/London: Paul Smith

London: Paul Smith

By MARY BILLARD
The fashion designer Paul Smith’s 11th and 12th London stores offer the yin and yang of shopping experiences.


In the quiet and expensive Mayfair neighborhood, his antiques store sells museum-quality furniture; the Borough Market store, next to a lively weekend food fair, offers everything from surfing T-shirts to wind-up egg-laying hens made of tin.

Not to say that the Mayfair store is a hushed reverential shrine to fine furniture. A playful Austin Powers-esque Rotating Drinks Cabinet from the 1960’s was recently displayed (at the serious price of £4,600, or $8,320, at $1.81 to the pound). When the Mayfair store first opened six months ago, the initial offerings were from Sir Paul’s private warehouse stash. Now a longtime friend with a similar esthetic, Nick Chandor, is out shopping the world.

“I still have my day job. Twenty-six lines per year,” said Sir Paul.

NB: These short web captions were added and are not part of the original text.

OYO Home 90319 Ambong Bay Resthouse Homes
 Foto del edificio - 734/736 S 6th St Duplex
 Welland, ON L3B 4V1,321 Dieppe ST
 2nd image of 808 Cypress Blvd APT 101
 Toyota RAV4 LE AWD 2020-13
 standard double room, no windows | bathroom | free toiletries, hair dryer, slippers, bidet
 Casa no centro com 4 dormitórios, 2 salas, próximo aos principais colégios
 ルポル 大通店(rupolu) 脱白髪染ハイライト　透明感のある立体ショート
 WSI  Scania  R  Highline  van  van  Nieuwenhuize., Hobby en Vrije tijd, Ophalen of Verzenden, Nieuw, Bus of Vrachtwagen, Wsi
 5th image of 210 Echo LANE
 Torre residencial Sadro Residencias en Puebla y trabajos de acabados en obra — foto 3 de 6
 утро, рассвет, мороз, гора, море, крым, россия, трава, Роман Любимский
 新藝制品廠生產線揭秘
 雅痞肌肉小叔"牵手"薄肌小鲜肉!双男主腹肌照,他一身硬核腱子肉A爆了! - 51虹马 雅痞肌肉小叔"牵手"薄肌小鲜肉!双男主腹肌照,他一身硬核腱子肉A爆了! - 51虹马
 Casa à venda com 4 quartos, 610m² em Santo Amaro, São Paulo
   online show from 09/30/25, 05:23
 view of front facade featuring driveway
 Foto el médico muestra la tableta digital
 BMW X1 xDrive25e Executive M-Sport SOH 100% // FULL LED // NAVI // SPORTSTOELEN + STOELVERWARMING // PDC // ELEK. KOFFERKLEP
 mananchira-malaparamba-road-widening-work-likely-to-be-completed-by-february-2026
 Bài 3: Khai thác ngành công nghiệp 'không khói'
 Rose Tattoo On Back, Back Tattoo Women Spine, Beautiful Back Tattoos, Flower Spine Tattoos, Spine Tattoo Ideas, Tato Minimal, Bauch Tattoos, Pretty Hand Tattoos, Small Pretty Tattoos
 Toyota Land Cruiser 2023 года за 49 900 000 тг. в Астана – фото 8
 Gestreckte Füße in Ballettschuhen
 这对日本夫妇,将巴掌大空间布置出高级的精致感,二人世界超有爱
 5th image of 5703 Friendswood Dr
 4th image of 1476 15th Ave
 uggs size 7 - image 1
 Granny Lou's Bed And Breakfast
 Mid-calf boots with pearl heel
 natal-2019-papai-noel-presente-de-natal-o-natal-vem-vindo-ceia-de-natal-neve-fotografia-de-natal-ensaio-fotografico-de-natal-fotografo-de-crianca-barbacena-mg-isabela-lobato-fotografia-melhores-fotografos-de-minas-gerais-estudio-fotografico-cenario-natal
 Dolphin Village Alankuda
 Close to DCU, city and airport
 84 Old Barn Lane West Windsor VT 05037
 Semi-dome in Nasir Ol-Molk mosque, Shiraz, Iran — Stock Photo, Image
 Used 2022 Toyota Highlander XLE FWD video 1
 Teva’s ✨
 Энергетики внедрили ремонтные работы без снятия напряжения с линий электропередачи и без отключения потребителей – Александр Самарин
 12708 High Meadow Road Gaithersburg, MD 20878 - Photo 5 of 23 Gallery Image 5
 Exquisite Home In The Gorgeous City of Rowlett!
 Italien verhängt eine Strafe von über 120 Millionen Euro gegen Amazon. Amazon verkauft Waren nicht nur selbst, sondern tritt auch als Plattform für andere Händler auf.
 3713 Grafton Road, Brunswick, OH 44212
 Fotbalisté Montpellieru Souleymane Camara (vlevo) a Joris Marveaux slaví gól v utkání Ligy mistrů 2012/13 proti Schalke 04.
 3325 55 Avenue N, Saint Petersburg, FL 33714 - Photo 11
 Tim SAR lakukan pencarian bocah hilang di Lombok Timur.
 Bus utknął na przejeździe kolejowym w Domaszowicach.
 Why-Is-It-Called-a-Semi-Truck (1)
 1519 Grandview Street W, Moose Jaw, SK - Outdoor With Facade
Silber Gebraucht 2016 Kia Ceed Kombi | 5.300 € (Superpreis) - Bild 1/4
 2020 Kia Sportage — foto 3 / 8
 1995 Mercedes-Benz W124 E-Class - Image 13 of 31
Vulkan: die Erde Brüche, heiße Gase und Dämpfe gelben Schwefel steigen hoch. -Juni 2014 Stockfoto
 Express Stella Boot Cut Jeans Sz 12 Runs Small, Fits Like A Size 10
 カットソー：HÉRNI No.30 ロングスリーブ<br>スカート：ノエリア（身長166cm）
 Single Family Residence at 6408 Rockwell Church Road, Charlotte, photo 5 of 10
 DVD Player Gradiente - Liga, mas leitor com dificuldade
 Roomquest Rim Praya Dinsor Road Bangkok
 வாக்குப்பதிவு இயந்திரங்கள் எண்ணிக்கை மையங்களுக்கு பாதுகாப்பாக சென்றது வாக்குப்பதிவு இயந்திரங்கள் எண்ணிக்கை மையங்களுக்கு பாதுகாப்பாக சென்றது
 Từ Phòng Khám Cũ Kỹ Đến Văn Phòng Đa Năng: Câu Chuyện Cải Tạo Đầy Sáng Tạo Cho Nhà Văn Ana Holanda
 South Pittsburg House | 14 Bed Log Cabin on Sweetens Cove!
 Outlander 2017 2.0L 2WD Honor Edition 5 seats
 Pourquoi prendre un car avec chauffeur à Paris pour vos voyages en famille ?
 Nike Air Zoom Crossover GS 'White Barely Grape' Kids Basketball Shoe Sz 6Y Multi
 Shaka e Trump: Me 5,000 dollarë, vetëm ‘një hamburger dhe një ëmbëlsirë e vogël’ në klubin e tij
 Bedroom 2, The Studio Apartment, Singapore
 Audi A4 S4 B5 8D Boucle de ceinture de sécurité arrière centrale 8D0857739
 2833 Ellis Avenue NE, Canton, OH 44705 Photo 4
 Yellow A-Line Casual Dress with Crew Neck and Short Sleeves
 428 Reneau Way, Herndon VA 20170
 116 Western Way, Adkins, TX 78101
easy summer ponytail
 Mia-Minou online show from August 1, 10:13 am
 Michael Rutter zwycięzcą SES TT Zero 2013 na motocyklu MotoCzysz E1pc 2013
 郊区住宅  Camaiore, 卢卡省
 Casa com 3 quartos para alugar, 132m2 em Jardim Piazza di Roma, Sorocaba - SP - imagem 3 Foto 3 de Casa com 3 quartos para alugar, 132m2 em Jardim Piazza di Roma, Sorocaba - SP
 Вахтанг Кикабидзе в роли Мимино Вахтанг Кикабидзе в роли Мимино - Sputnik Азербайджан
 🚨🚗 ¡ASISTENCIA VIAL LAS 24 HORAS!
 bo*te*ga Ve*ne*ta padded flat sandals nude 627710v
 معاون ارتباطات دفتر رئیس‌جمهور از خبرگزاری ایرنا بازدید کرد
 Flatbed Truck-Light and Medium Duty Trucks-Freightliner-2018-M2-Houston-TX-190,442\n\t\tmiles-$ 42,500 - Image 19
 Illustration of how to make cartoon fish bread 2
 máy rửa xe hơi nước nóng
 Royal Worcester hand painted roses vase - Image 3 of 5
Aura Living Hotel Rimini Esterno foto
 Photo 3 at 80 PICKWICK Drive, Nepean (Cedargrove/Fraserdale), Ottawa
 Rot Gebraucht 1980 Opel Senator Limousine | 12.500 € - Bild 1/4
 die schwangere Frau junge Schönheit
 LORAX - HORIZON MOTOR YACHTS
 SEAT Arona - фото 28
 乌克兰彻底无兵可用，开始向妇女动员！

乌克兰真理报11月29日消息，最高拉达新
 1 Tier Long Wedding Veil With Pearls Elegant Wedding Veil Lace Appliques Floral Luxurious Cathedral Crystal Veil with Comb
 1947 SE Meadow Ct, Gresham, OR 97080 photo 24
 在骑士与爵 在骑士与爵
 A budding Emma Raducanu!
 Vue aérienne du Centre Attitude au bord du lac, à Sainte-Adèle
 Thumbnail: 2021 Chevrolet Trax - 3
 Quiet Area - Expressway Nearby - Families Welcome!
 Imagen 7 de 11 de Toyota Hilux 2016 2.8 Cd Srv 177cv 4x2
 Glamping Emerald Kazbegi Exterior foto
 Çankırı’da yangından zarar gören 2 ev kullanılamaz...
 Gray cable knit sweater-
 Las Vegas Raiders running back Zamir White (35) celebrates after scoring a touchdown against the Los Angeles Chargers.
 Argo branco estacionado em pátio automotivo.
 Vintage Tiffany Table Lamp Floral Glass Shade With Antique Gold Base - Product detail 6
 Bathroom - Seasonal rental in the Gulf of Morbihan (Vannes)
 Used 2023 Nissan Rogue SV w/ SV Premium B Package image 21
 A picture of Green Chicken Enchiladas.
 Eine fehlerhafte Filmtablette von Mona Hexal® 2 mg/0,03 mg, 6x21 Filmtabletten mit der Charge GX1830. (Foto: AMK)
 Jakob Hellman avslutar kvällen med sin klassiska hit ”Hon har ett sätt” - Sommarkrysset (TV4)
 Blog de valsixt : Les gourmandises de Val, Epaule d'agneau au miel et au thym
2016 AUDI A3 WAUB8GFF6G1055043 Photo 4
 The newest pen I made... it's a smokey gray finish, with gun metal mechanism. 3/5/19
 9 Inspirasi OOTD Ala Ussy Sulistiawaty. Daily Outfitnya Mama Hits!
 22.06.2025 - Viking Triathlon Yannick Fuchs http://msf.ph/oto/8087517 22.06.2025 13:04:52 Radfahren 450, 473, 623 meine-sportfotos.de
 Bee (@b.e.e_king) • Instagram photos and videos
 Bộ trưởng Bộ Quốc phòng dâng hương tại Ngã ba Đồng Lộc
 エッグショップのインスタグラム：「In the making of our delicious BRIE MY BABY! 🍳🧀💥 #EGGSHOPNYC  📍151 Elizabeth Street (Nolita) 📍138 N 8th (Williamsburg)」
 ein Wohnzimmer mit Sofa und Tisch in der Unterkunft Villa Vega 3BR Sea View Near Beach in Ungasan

On a recent Saturday, after showing two visitors around his Mayfair shop (enthusiastically pointing out the craftsmanship in a Willie Rizzo granite-topped table from the 1970’s), Sir Paul jumped into his Mini Cooper and drove them across town to his Borough Market store, which opened in January. As he neared the store, Sir Paul, wearing a tailored gray suit and floral shirt, spotted a man carrying his trademark striped shopping bag. “Fantastic! Someone bought something!,” said the man whose company grossed £250 million last year.

The bright green storefront, the setting for the gang headquarters in Guy Ritchie’s movie, “Lock, Stock and Two Smoking Barrels,” offers such items as T-shirts, books, sneakers, vintage robots, 1980’s boomboxes and souvenir plates from Olympics long past. (The wind-up hens are £2; the boomboxes start at £250.)

Some goods are clustered in lacquered cabinets from India that were purchased on what Sir Paul off-handedly calls his “day trips.” Not to Brighton, but to Delhi or Saigon or China. The challenging logistics of a tightly choreographed trip appeals to him, and with his schedule, that is sometimes all he can fit in.

“I loved sitting on the Great Wall, the wind whipping around me,” he said.

Paul Smith 9 Albermarle, the antiques store, is located, unsurprisingly, at 9 Albemarle Street, W1S 4BL; 44-20-7493-4565; Paul Smith at Borough Market is at 13 Park Street, SE1 9AB; 44-20-7403-1678.